Values in Emerging Technology Impact Assessment
Principal Investigator: Gregory Kaebnick
Co-investigators: Michael Gusmano, Karen Maschke
Funder: National Science Foundation
Project Background
There is near-universal agreement that the development and application of potentially powerful emerging technologies should be grounded on a thoughtful evaluation of the benefits and harms that the technology might generate. There is considerable disagreement and confusion, however, about how a thoughtful evaluation should be undertaken. In particular, it is not clear what the role of values is in the evaluation of an emerging technology. Risk assessment and cost-benefit analysis are sometimes represented as being objective, even “value free.” But they are also sometimes viewed as supporting special interests under the cloak of “objectivity”; in particular, they are sometimes seen as exemplifying a “proactionary” orientation that favors science and industry.

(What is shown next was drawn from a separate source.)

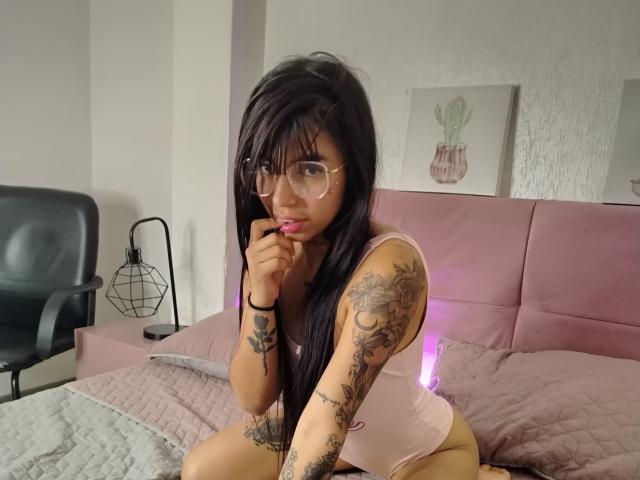 KendallPrakth with long black hair, glasses, pink tank top, tattoos, and pink lips, biting finger, kneeling on bed with pink bedspread, purple light, and black chair in background.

This project will articulate and examine the role of values in formal impact assessment mechanisms, particularly in cost-benefit analysis and risk assessment for calculating the risks and benefits of emerging technologies. It will ask whether values can or should be eliminated from these mechanisms, and if not, whether we can clarify what the appropriate values are and the role they should play in the analysis. The method in the project is to apply these mechanisms to well-defined cases in synthetic biology, drawing on a team of experts to help carry out and evaluate the application.
Goals and Impact:
The project is intended to improve the understanding and use of impact assessment mechanisms, advance scholarly debates about the precautionary principle and related topics, and facilitate policy-making (and public understanding of it) on synthetic biology. Collectively, these goals contribute to the growing effort to develop strategies that ensure the governance of emerging technologies aligns appropriately with the public’s values. The project will consist of two meetings of a working group, technical advisors, and a technology governance advisor. Products will include a report that examines the role of values in formal impact assessment mechanisms, an additional report on how impact assessment mechanisms square with the recommendation by the Presidential Commission for the Study of Bioethical Issues for “prudent vigilance” in policy on synthetic biology and other emerging biotechnologies, and scholarly papers reassessing the debate about proactionary versus precautionary approaches to policy-making.